Finden gepruegelte/misshandelte Frauen und Kinder (in genau dieser Reihenfolge) in der Oeffentlichkeit Rueckhalt? Ja. Finden gepruegelte Maenner in der Oeffentlichkeit Rueckhalt? Eindeutig nein. Dies sieht man(n) schon an der Helferindustrie, welche zwar von allen Steuerzahlern mitunterstuetzt wird, jedoch fast ausschliesslich auf die Beduerfnisse von Frauen und in geringerem Masse von Kindern (insbesondere Maedchen) ausgelegt ist.

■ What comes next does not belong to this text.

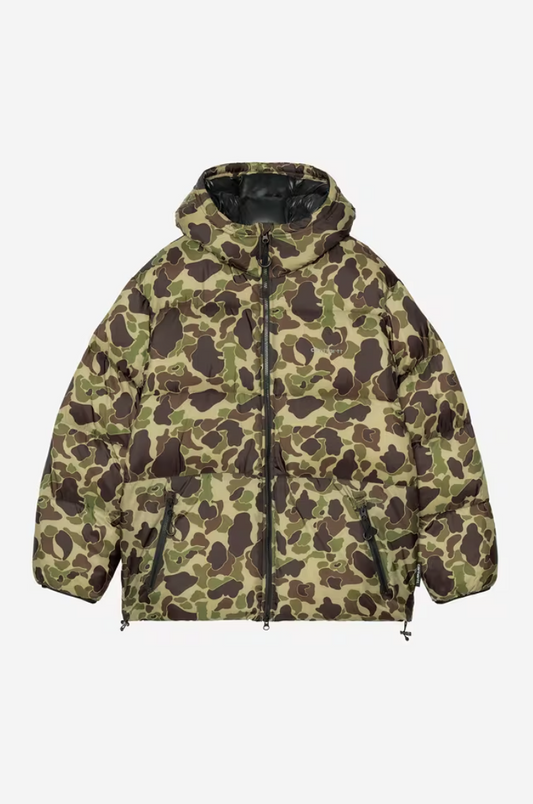 TORONTO PUFFER JACKET CAMO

Der Aussage, dass (Haeusliche) Gewalt erst seit wenigen Jahren in der Oeffentlichkeit ein Thema ist, muss ich widersprechen; das erste Frauenhaus in Westeuropa (in England) wurde IMHO 1971 gegruendet. In den letzten Jahren wurde die Gewaltdebatte aber eindeutig intensiviert; v.a. weil die 68er Studentengeneration jetzt selber an die Schalthebel der Macht gelangt und damit in Familienbelangen eine feministisch orientierte Intelligenz, welche in ihrer Studienzeit die Familie als Keimzelle patriarchalischer Gewalt gegen Frauen definiert hat. Diese feministisch orientierte Intelligenz (uebrigens laengst nicht alles Frauen) hat einen grossen Anteil an der derzeitigen Deutungsmacht bezueglich "Haeuslicher Gewalt" im besonderen und in Familienfragen im allgemeinen; folgerichtig wird denn auch fast ausschliesslich von der Praemisse maennlicher Gewalt in der Familie ausgegangen.